Well let's get this right, I did not exactly cooked for the billions of people out there who are not reading my blog (yet), that would be tilting "passion-obsession" into "madness-obsession". I selected a recipe that I love which these countries have in "common with variations".
Russia, Ethiopia, countries in the Middle East and at the edge of the Mediterranean, Egypt, India, Bangladesh and Greece all prepare it "same-same but different" ways.
Janice first mentioned it to me, and I use an adaptation of Sophie Grigson's recipe to make this delicious Aubergine dip.

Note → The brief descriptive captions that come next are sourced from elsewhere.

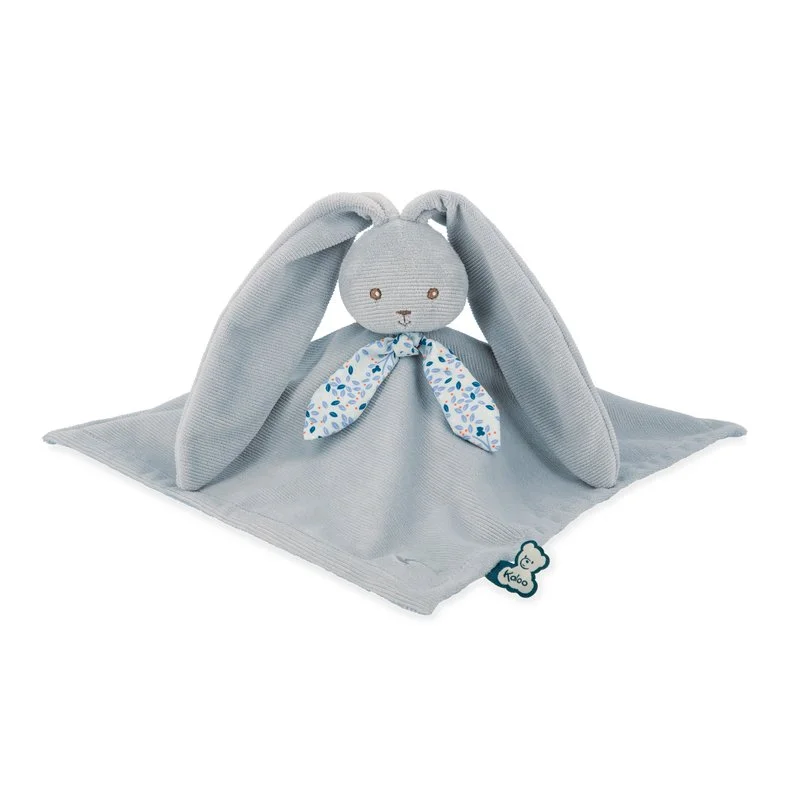Kaloo-Doudou-Rabbit-Blue-KLO-TOY75-main.jpg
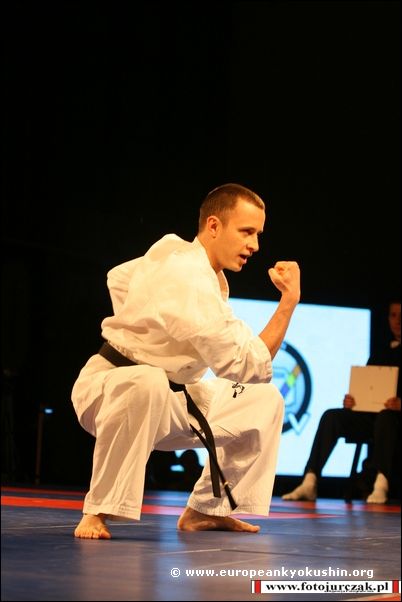 Emil Slabon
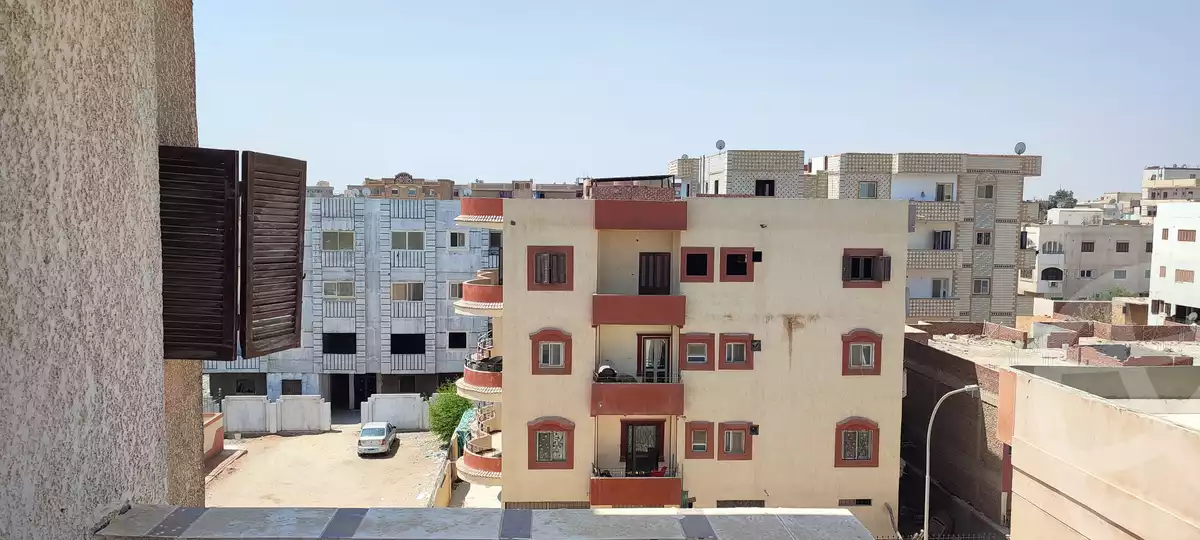 https://aqarmap.com.eg/en/listing/6157446-for-sale-sharqia-10th-of-ramadan-neighborhood-10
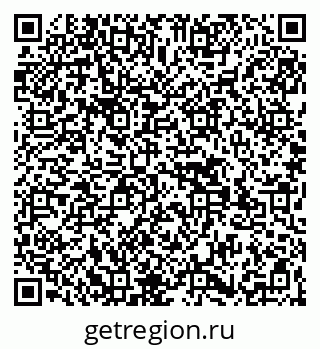 79269507181
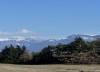 k-P1050056_2 k-P1050056_2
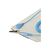 StarTech.com 23x47in Anti Static Mat LGANTI-STATIC-MAT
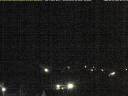 Vorschaubild von 14.08.2026 01:47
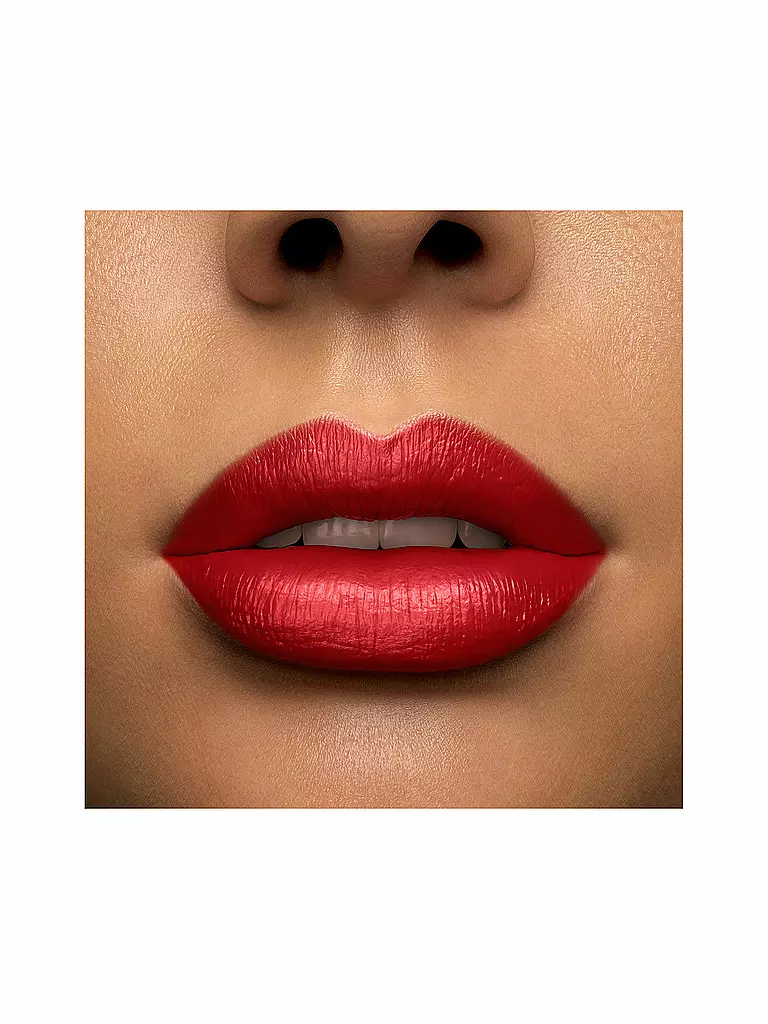 LANCÔME | Rossetto - L'Absolu Rouge Cream (148 Bisou Bislou) |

Serves 6; Prep. 20 minutes; cooking: 20 minutes

2 aubergines
2 garlic cloves, crushed
Juice of 1 lemon

6 tbs of olive oil
4 tbsp tahini paste (I use the light kind)
2 tbsp fresh mint or parsley, chopped
1- 1 1/2 teaspoon of ground cumin

salt and cayenne pepper

  • Pre-heat oven to 190C/380F/Gas mark 5
  • Prick the skins of the aubergines so that they don't explode in the oven.
  • Place the Aubergine in a tin, in the oven for 20 minutes, it does not matter if it is longer, as long as they are soft inside and slightly shrivelled outside, leave them to cool slightly
  • Remove the skin
  • Tip into a food processor small bowl, add the garlic, the lemon juice and tahini
  • Add the olive oil as you whisk
  • Finish by adding the salt, cumin, cayenne pepper to taste,
  • Give it a last whirl, it should be smooth add water if necessary.

Cool it 1/2 hour further in the fridge, Serve with warm pitta, it will blacken slightly but that does not affect the taste.

Pain bagnat at the beach

I went to the "O2" formerly known as the dome. Well, call me party-Popper but I think that "the beach" is the reflection of a very sad state of affairs.
I do not object to the concept: indoor-beach: bizarre but why not; man-made complete with lights imitation, sun for the day, moon in the evening : good; free entertainment for kids and grown ups : excellent.
What I do not like AT ALL is the distortion of simple pleasures, beach but no water, beach but no weather, beach but only certain prescribed activities (please, let's make sure that we all do the same at the same time, here is a timetable) at that point, I have got to say NO that is NO beach. Have the organisers given a thought about the wonders of the fresh salted air that make your skin crispy and itchy, the sand in your food, the endless hours spent doing nothing or nothing much, that for me is a beach so on that "moany"-note, I leave you with the sound of the crickets, find a bit a open space (balcony will do) & try the following recipe.

Pain bagnat
It is said that this sandwich was originally invented for the "boules" players in Nice, the flavours combine and seep in the bread while it is being weight down, it can also be made a day in advance.
make 4
1 French bread (baguette), white bread rolls can be used too
olive oil
can of tuna
3 tomatoes sliced
1 hard boiled egg
red or green pepper finely sliced
few spring onions or small white ones
pitted black olives (optional) could use olive paste
  • Slice the bread length-wise
  • brush the olive oil on the inside
  • sprinkle basil
  • spread the rest of the ingredients
  • wrap in cling film
  • weight it down with a chopping board for as long as possible
  • unwrap and cut large slices.
Sue gave me a recipe of a picnic loaf which works on the same weighting down principle using: ciabatta, olive oil, pesto, sliced mozzarella, feta cheese, rocket, fresh or sun dried tomatoes.